As a homeschool dad, I love seeing my girls put aside their rivalries to put on a Christmas pageant. Last Christmas, our first grader organized a Christmas Eve pageant that she and her sisters put on for us and their grandparents. Of course, one of the cutest parts was when three little “wise” girls presented gifts to their baby doll.
We often meditate on the symbolic nature the wise men’s gifts but may not realize that their presentation of gifts to the King plays a significant role in the unfolding story of creation, fall, and redemption. Their acts of worship before the Christ child are a pattern for what Christian parents are trying to accomplish in homeschooling. Let’s meditate together on the wise men, their role in “the old redemption story,” and how we can use it to inspire our homeschooling all year round.
The Past Worship of the Wise Men
The wise men are mentioned in the Bible only in Matthew 2:1–12. Since they’re called wise men or magi (from the Greek magos), it is clear that they had wisdom in their work that was respected by their community. It was probably because of this wisdom that they had prospered enough to be able to afford gold, frankincense, and myrrh.
In some way, they also had a heart toward God. As scholars, they were familiar with the Scriptures and apparently knew the messianic prophecy of Numbers 24:17. Since they were watching the heavens for a sign of God’s Messiah, they saw the star when it appeared and immediately set out to find the child. When they arrived in Bethlehem, their hearts rejoiced—not that they had found a new source of earthly treasure but that they had found the child.
The wise men went in and humbly bowed down in worship. They opened their treasures and presented their gifts to the King.
Their Part in God’s Story
In the unfolding of God’s redemptive story, the wise men’s worship of Jesus was a sign that He was the King of the Jews. Jesus was the Christ, the Chosen One, who was coming to break the power of the fall and redeem people and the creation.

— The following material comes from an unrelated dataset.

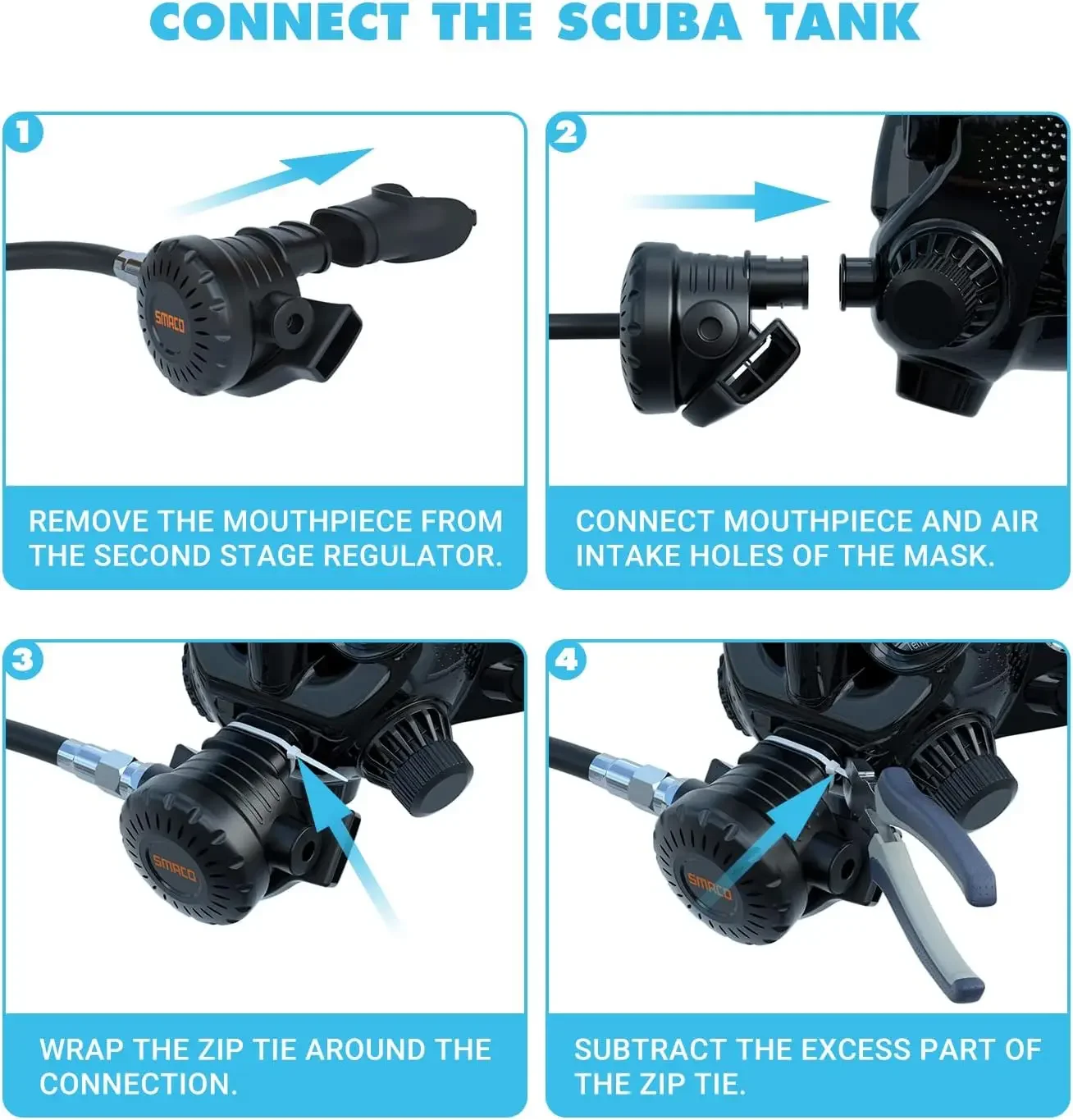 TRIMIX Full Face Diving Mask w - Snorkel Mask Full Face recension och pris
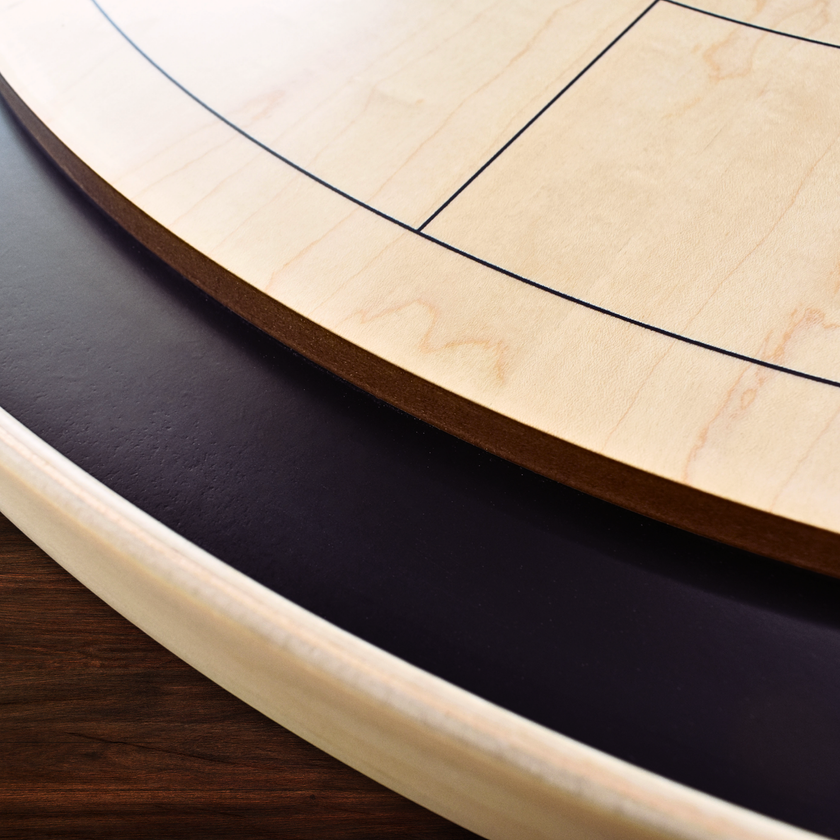 The Crokinole Canada Board (No Branding / With Checkerboard) - Tournament Board Game Set - Meets NCA Standards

Part of that redemption involves how men and women use God’s blessing of dominion over creation (Genesis 1:26–28). Fallen people pursue wealth through dominion to be independent of God. Redeemed people use the prosperity produced by their wise dominion to accomplish God’s purposes and give Him glory.
This is exactly what the wise men did. They had grown in wisdom by observing God’s creation in the fear of the Lord. Their exercise of that wisdom in dominion over creation led to prosperity. And they took that prosperity and offered it to their God in worship.
The Future Worship of the Wise Men
The wise men of that first Christmas were prototypes of future wise men. At the end of story of Scripture, the Father and Son rule from the new Jerusalem. There “the nations of them which are saved shall walk in the light of it: and the kings of the earth do bring their glory and honour into [the new Jerusalem]” (Revelation 22:24). These kings of the saved nations are exercising dominion in the restored earth and bringing their treasures to the King in worship. Notice how the unique treasures of the kings are called “their glory.”
In the eternal state, redeemed men and women will still use math, science, social studies, and language arts. And the end of their labor will be God’s glory.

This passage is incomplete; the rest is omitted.